Net gain last week: six pages. The character I did sketches for last week was demoted to minor character status, and a new one came out of nowhere to put a twist on the last 4th of the book. I guess that's why I'm a fan of chair glue – you never know what's going to happen next unless you keep on writing.

As to progress on TYWWF, I had an e-mail from my editor, Daniel Nayeri, to let me know the first pre-proof pages were in the mail. Never knew I could get so excited about type styles, but he said he and the designer had decided on fancy first letters to open each chapter. Can hardly wait to see what it looks like!

Tuesday, August 10, 2010

One Step Forward, Three Steps Back

Meaning to take interest in what I'm doing all day in the woodshed, my husband often asks: How much did you write today? Tough to answer.
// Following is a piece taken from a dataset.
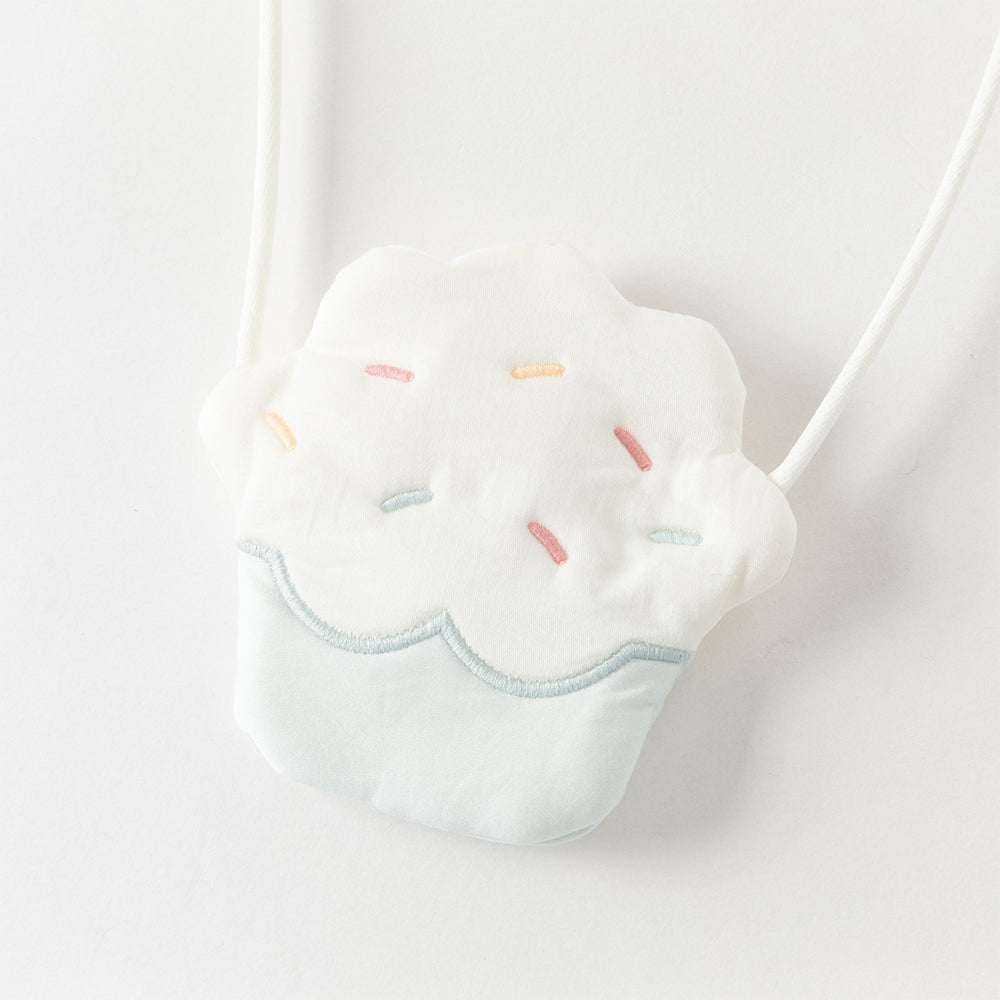 فستان بنات صيفي وردي بدون أكمام من التول بتطريز حلويات مع حقيبة كروس بودي بشكل كب كيك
If a 70,000-word novel takes ten years to write, that's an average of 19 or so words a day – net. But that doesn't mean I only wrote 19 words a day. I wrote pages and pages of longhand, but most of it was background sketches for characters, noodling through a possible subplot that was later discarded, or revising a section already revised a dozen times.

All this is leading up to an explanation for my progress report for this week. How much progress did I make on Clara II? I eliminated one character from the last half of the book, invented a new back-story for one of the characters in the second half of the book – and cut 39 pages out of the first 141. I hope I can look back on this week and say that was a good thing.

Monday, August 2, 2010

The Woodshed is Ready

I swept out the dead bugs and cobwebs, sprayed the geranium I brought up from Everett with deer repellant, and hooked up the computer and printer. The woodshed on San Juan Island is ready for the annual August writing intensive. I try to write a little most days year-round, but in August I write 7-10 hours a day every day and force myself through rock-walled trouble spots in my writing that have accumulated over the past year. The goal this month is drafting the last 1/3 to 1/2 of a follow-up book to The Year We Were Famous. To save myself from the weekly embarrassment of having to report no progress on this blog, I should be motivated to brainstorm my way out of dead-ends and figure out how to thread one of my secondary plots naturally throughout the last half of the book instead of dumping it into one heap in the middle. Wish me luck.